Many — but not all — personal care homes and assisted living facilities licensed by the state are also being served by the CVS and Walgreens partnership. But unlike more than two dozen other states, Pennsylvania did not ask the federal program to begin vaccinating people in these facilities until mid-January.
The state health department did not respond to a question about the timing of the decision.
“We seem to be extremely far behind other states in rolling out vaccinations in these settings, and we fear this already devastatingly slow process will only get worse,” said Adam Marles, president and CEO of LeadingAge PA, an association of long-term care providers.
Further complicating the process, a few hundred personal care homes and assisted living facilities didn’t sign up for the federal program in time and weren’t eligible as a result. The state Department of Human Services in mid-January announced it had partnered with pharmacy chain Rite Aid to fill that gap.
“It really did come together really quickly,” said Dr. Doug Jacobs, the department’s chief innovation officer, who is overseeing the Rite Aid partnership. “It took a long time, frankly, for us to verify that the CDC was not able to get additional facilities into the federal pharmacy partnership program, and so as soon as we heard that information we really tried to think critically about what we could do to get our facilities vaccinated.”
Roughly 6,000 facilities qualify for the program, but only about 2,200 have thus far indicated that they would like to participate, a spokesperson for the agency said. About 60 facilities “have scheduled or were contacted to schedule their first vaccine clinic this week.”
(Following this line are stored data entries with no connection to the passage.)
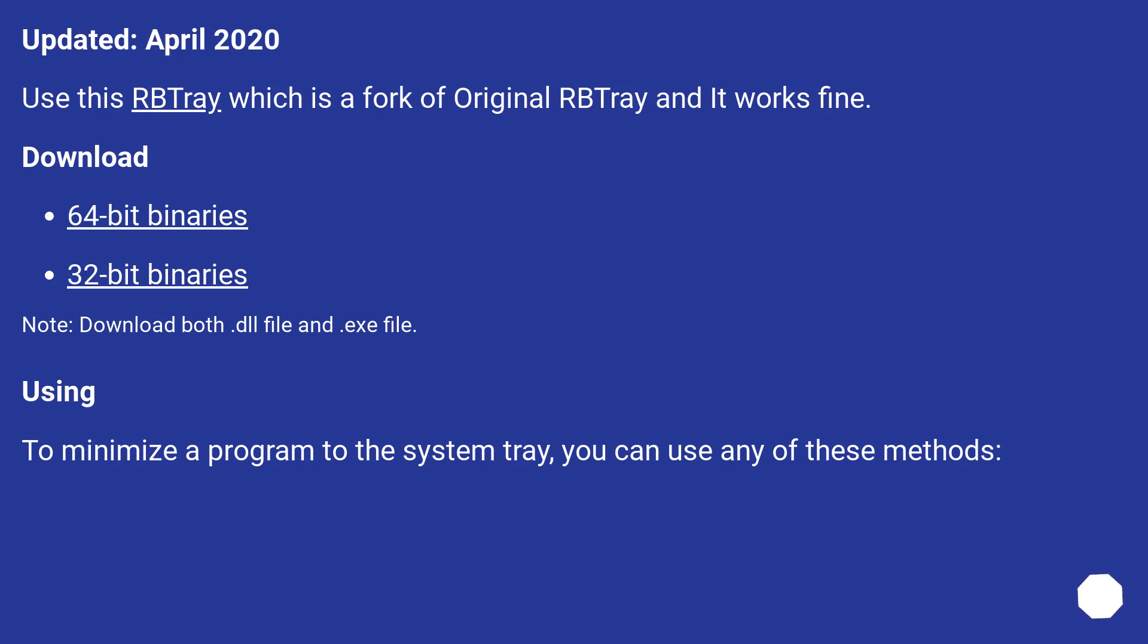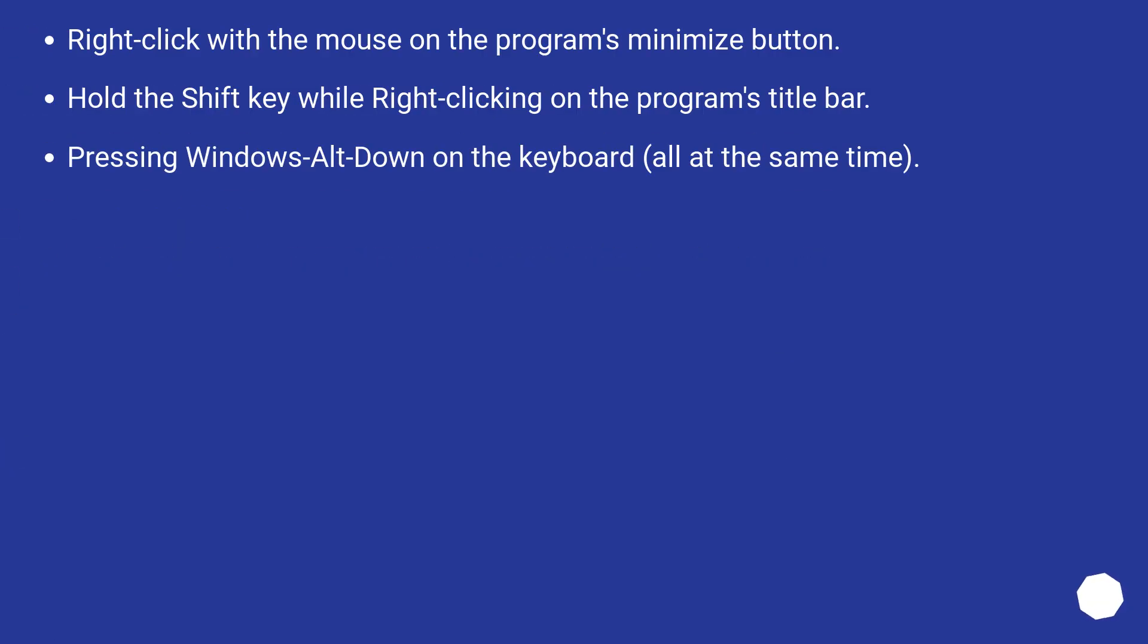Using: To minimize a program to the System Tray, you can use any of these methods. Right-click with the mouse on the program's minimize button. Hold the Shift key while right-clicking on the program's title bar. Press Windows Alt Down on the keyboard, all at the same time.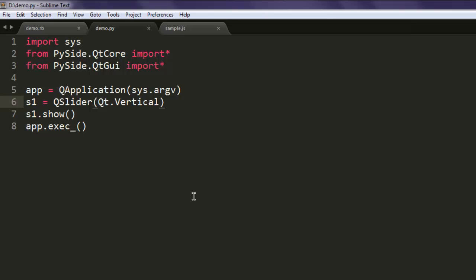So this was our short video on how to use PySide slider and how to use vertical and horizontal alignment for the slider. So this is good, you can go through it.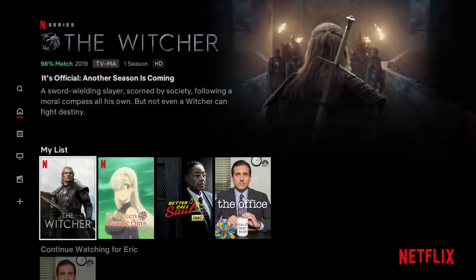So at the top, when you're in your Netflix account, you have all of the series and movies that are in your list — it's called My List right there at the top.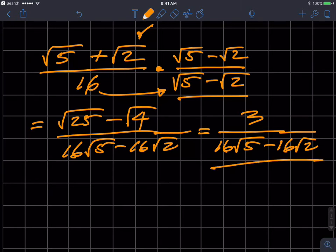So that's what I have for rationalizing radicals. Hopefully it's helpful. Take care. Bye.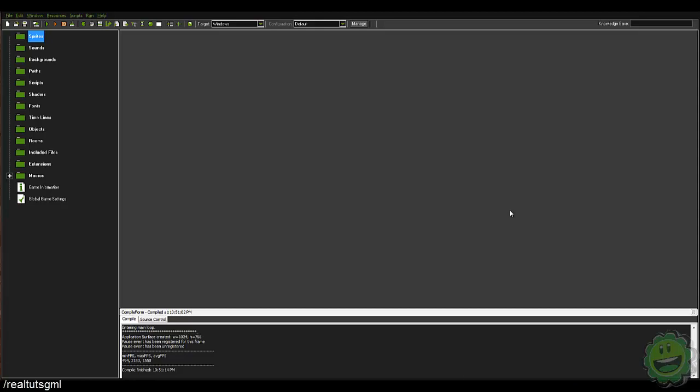What is going on guys, it's RealPutzGML here back with another GameMaker Studio tutorial for you guys. Today is going to be something pretty unique, pretty cool, something I haven't really seen out in the YouTube land yet.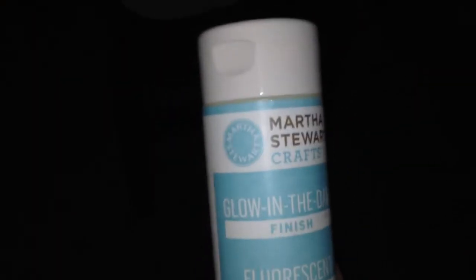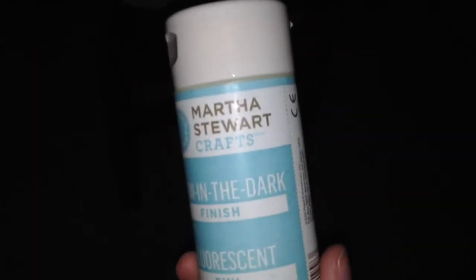This is what I used, if it will focus. It's a Martha Stewart glow in the dark finish is what I used.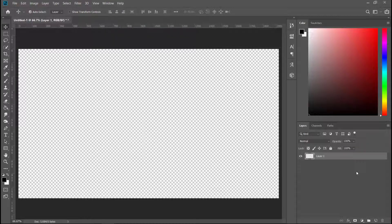Hey guys, today we're going to learn how to rotate and flip a layer in Photoshop in under one minute. So let's go.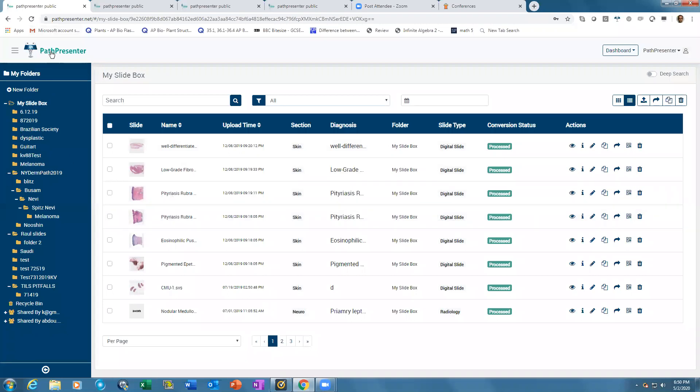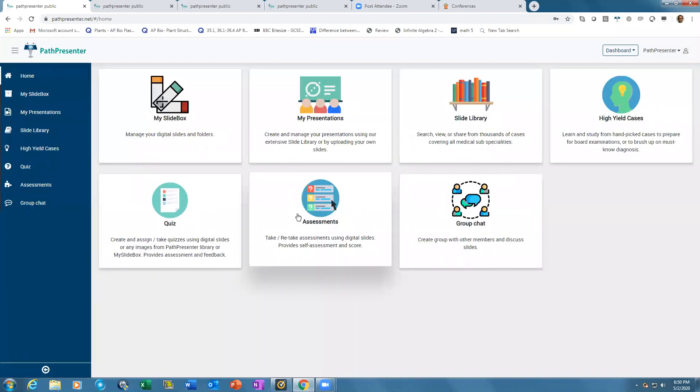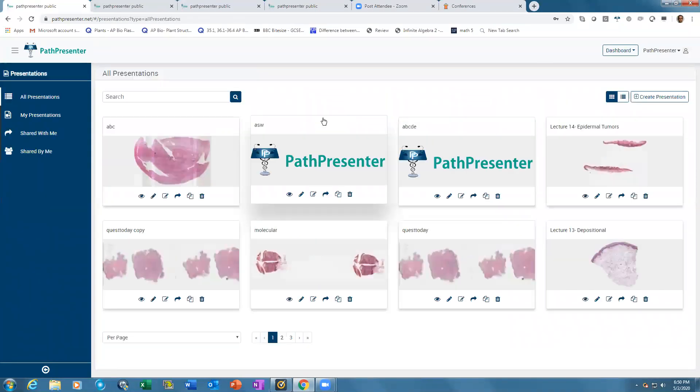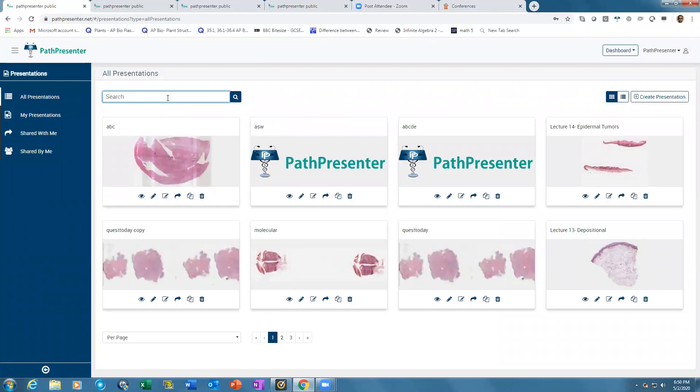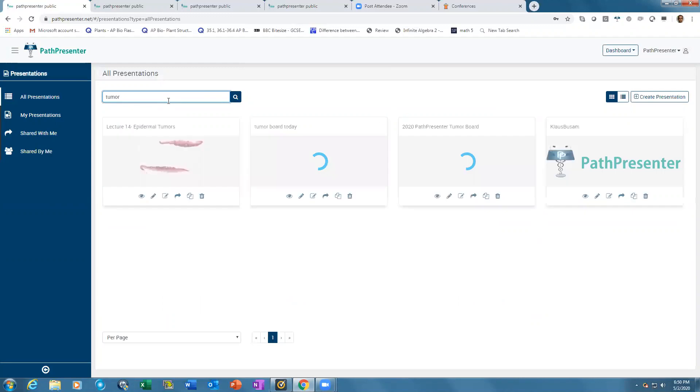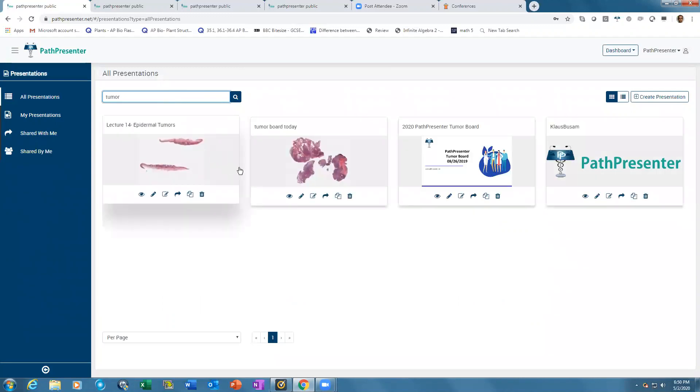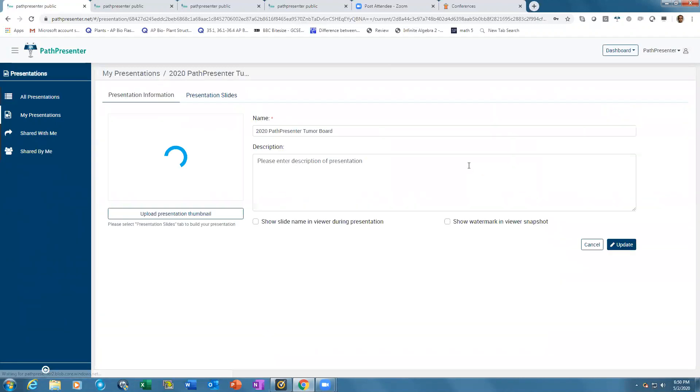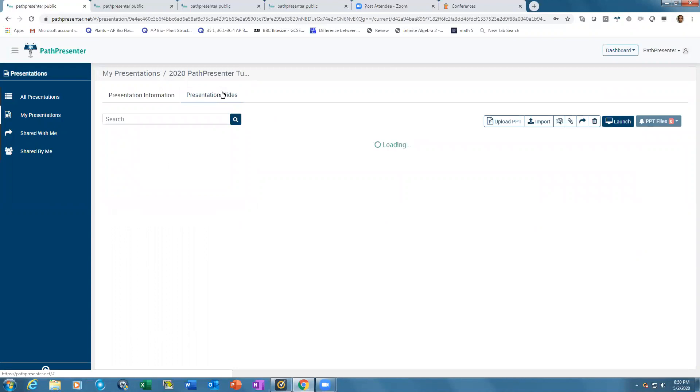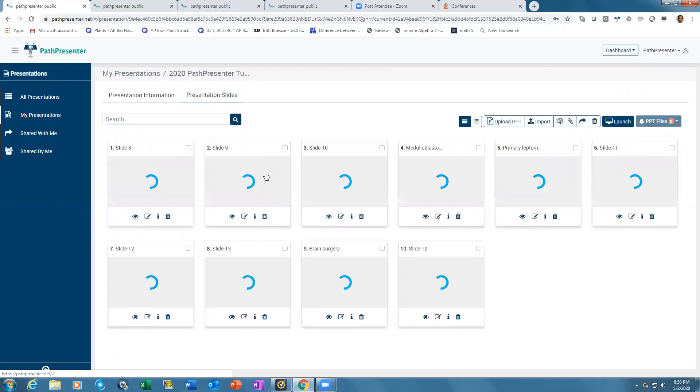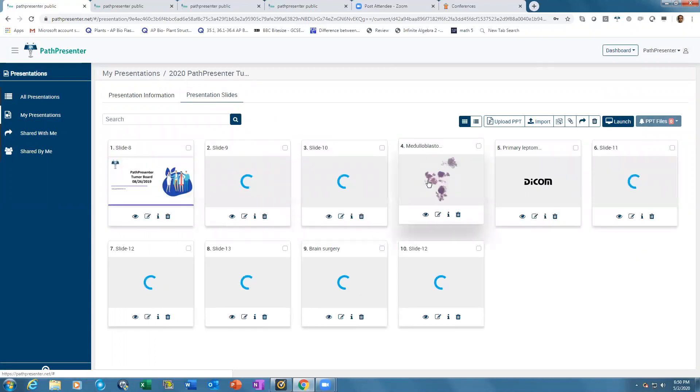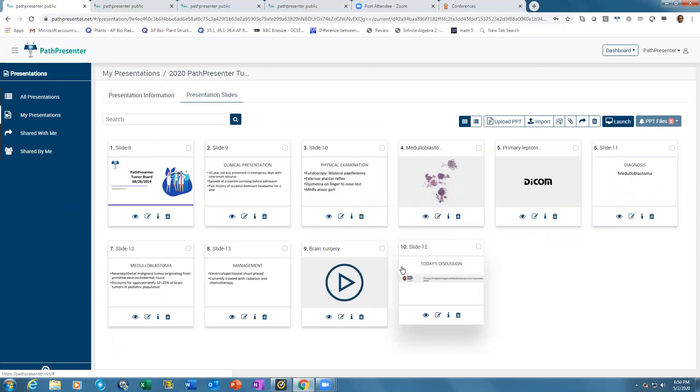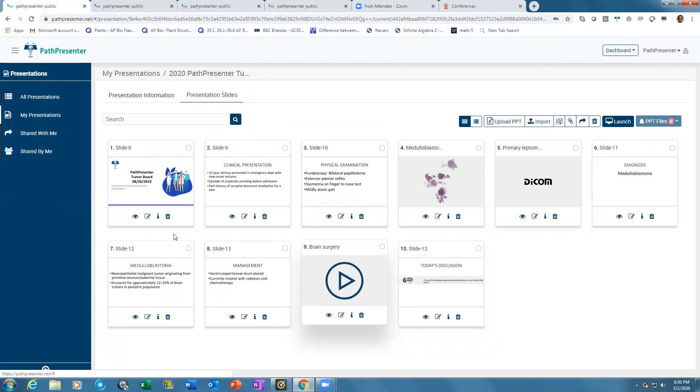The presentation tool allows you to seamlessly integrate whole slide images, PowerPoint slides, radiology DICOM images, videos, and other file formats into one spectacular presentation. Here's an example with PowerPoint slides, a whole slide image, a radiology image, and even a video all in one presentation.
While advocates for nursing and personal care homes initially praised the federal pharmacy partnership for helping to standardize the vaccine rollout, the program’s speed has drawn criticism.
Delays were already emerging by early January. Lobbyists said they learned of at least one Pennsylvania home not scheduled to have its first vaccine clinic until March 11. State officials now say they expect the vaccination effort in long-term care facilities to be completed by the end of February.
“We’ve had multiple conversations with both the Department of Health and the governor’s office about this,” Marles said. “Some of it may be on the pharmacy partner side, CVS and Walgreens, some of it may be on the allocation side. It’s been very hard to tie them down to a particular issue, but it’s a tragic situation.”
Pennsylvania is not the only state that has had problems with its vaccine rollout, as the federal government has failed to deliver promised allocations and given states little time to plan. Still, the commonwealth has only administered roughly half of the 1.5 million doses it has been allocated, falling below dozens of other states.
“Pennsylvania is in the middle of the pack,” Wolf said of the state’s “efficiency” getting people vaccinated. “So we recognize that we need to do a better job. I hate being in the middle of anything. I want to be at the top of the pack, and we’re going to continue to work together.”
West Virginia is the only state that opted out of the CVS and Walgreens partnership, relying instead on smaller, local pharmacies — and getting a half-month head start on vaccinating willing long-term care residents, NPR reported. By controlling its supply of vaccines directly, officials there said they were able to move more efficiently and adapt more quickly.
Some local independent pharmacists, who already work with long-term care facilities, were disappointed to not have been tapped to deliver vaccines, said Victoria Elliott, CEO of the Pennsylvania Pharmacists Association.
“And they’ve again been locked out, and they haven’t been the go-to group to help the state get this done, much like they did in West Virginia,” she said.
Zach Shamberg, president and CEO of the Pennsylvania Health Care Association, an industry group, said the state should consider partnering with smaller pharmacies.
“At the end of the day, we’ll work with whoever can get us the vaccine quicker,” he said.